There’s no built-in way to render zero-width characters in an editable way. You can get a clue that something is up, because the cursor will disappear when it’s on a zero-width character, but if you’re not moving character-by-character you might not ever see it.

Relevant issues include:

I combined those two test-cases into a single file, which renders in Kakoune like this:

image

Here’s a plugin which highlights all the non-printable-ASCII characters in the buffer, when you run show-ascii-enable:

declare-option -hidden range-specs show_nonascii_ranges
set-face global NonAsciiChar @value

define-command show-nonascii-update \
    -docstring "Update the locations of non-ASCII characters" \
%{
    # Reset the existing highlights
    set-option window show_nonascii_ranges %val{timestamp}

    # We need to get data out of the current buffer,
    # so we'll need to save and restore some registers
    evaluate-commands -save-regs cd| %{

        # We're going to search for non-ASCII characters
        # and switch buffers, so do this in draft mode
        # to avoid messing up the user's state.
        evaluate-commands -draft %{
            # Select all the characters are not:
            # - newline
            # - the space character
            # - other printable ASCII
            execute-keys '%s[^\n -~]<ret>'

            # 's' makes the *last* selection in the buffer the primary,
            # but that means it'll be listed first in %val{selections_desc}
            # So we have to cycle the selections around to the beginning
            # to keep everything aligned.
            execute-keys )

            # Save the locations (descs) to "d
            set-register d %val{selections_desc}

            # Save the actual characters to "c
            set-register c %val{selections}

            # Let's build up the range-specs value in a temporary buffer.
            edit -scratch

            # Paste the descs
            execute-keys '"d<a-P>'

            # Add the "range-specs" formatting syntax,
            # and put each entry on a separate line
            # so we can select it later with 'x'.
            # We excluded newlines from the list of chars to select,
            # so we can safely use lines as a delimiter.
            # We leave the last character before the newline selected,
            # so we can paste after it.
            execute-keys a|{NonAsciiChar}<ret><esc>h

            # Paste the characters beside the descs,
            # leaving them selected.
            execute-keys '"cp'

            # Replace them with hexadecimal equivalents.
            # I wish there were a more efficient way to do this,
            # but most buffers probably don't have
            # too many non-ASCII characters.
            execute-keys -itersel \
            '|printf [U+%04X] "$kak_cursor_char_value"<ret>'

            # Copy the whole thing back into "c,
            # so we can get it out of this scratch buffer
            execute-keys xH"cy
            delete-buffer
        }

        # Add it to the range-specs option so we can see it.
        set-option -add window show_nonascii_ranges %reg{c}
    }
}

define-command show-nonascii-enable \
    -docstring "Add a highlighter that shows non-ASCII characters" \
%{
    add-highlighter window/show-nonascii replace-ranges show_nonascii_ranges
    show-nonascii-update
}

define-command show-nonascii-disable \
    -docstring "Remove the highlighter that shows non-ASCII characters" \
%{
    remove-highlighter window/show-nonascii
}

The result looks like this:

image

The plugin isn’t perfect; it doesn’t detect new non-ASCII characters added after the highlighter was added, and it formats characters as Unicode code-points even though the buffer might not be Unicode at all.
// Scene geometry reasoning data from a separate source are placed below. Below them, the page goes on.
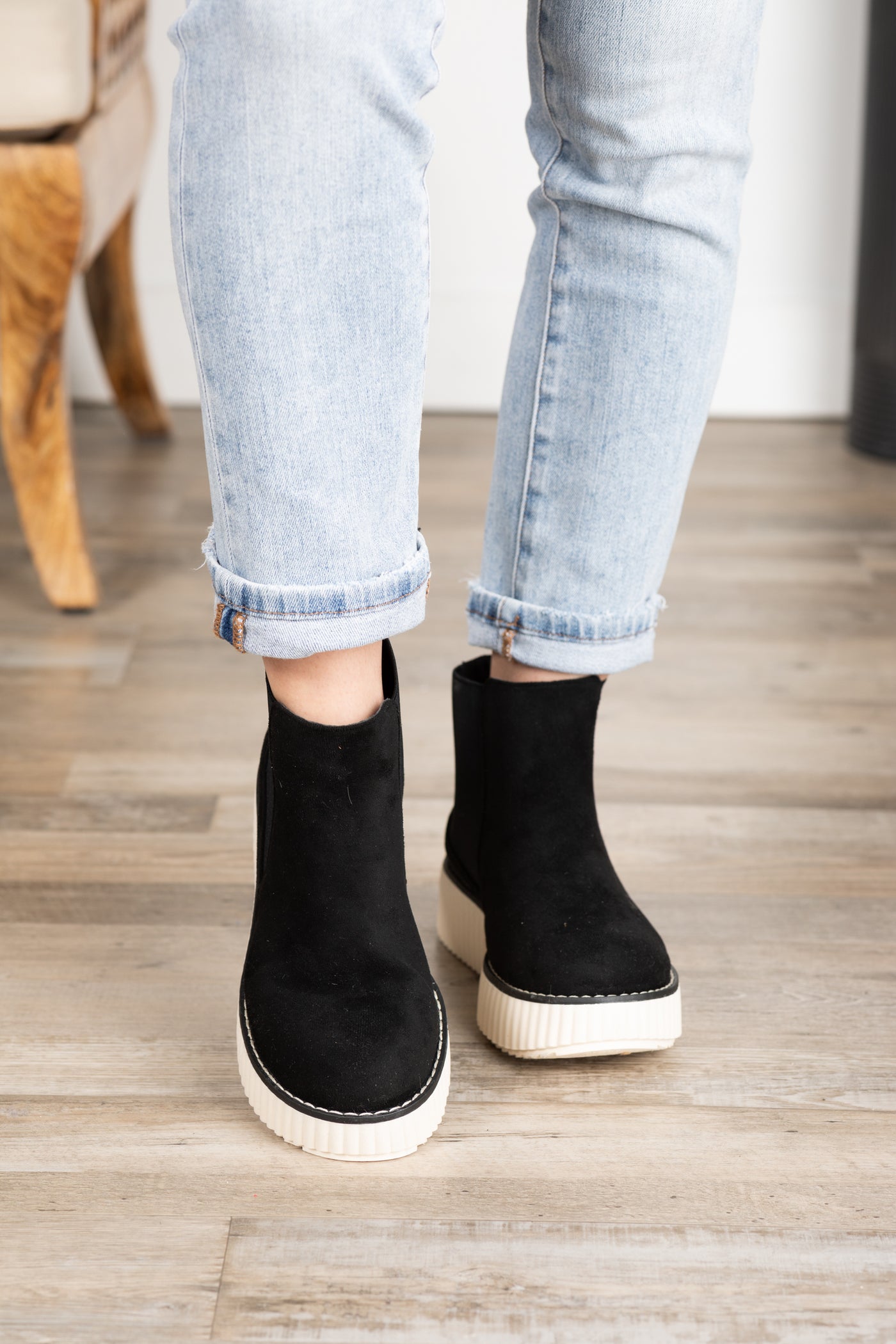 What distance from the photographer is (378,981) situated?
564 millimetres

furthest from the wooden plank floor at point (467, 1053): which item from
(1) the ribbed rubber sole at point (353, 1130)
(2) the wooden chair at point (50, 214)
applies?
(2) the wooden chair at point (50, 214)

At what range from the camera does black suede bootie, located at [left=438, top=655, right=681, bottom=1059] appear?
0.61 metres

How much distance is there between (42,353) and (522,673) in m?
0.68

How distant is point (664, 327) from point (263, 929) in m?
0.33

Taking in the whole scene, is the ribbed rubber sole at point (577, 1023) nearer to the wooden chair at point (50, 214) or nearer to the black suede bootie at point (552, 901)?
the black suede bootie at point (552, 901)

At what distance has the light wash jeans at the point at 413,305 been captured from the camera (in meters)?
0.46

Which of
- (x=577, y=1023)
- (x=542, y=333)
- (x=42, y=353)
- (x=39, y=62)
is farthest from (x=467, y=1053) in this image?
(x=39, y=62)

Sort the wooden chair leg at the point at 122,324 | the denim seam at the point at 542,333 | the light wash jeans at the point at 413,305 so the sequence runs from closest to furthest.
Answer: the light wash jeans at the point at 413,305, the denim seam at the point at 542,333, the wooden chair leg at the point at 122,324

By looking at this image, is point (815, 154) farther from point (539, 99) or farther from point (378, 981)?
point (378, 981)

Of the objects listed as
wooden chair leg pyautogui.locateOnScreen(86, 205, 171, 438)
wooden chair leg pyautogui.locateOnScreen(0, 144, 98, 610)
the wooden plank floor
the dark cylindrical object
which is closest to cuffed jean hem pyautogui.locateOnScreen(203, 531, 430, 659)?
the wooden plank floor

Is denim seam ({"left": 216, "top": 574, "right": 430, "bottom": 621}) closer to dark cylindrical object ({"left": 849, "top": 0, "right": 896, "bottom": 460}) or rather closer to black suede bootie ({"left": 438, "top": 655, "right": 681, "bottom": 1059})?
black suede bootie ({"left": 438, "top": 655, "right": 681, "bottom": 1059})

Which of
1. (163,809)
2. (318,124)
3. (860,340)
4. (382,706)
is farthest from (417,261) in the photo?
(860,340)

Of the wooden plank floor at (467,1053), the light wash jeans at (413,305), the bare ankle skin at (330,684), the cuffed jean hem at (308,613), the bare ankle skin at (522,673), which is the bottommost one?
the wooden plank floor at (467,1053)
It would also be nice to have a way to jump to a non-ASCII character (if any) instead of requiring you to browse through the entire buffer.

It’s nice to be able to see zero-width characters and copy or delete them, though.

1 Like

Wow! Thank you for your detailed responses. I’ll have to play around with these solutions and see what works best. If I make something myself, I’ll report back.

Thanks again!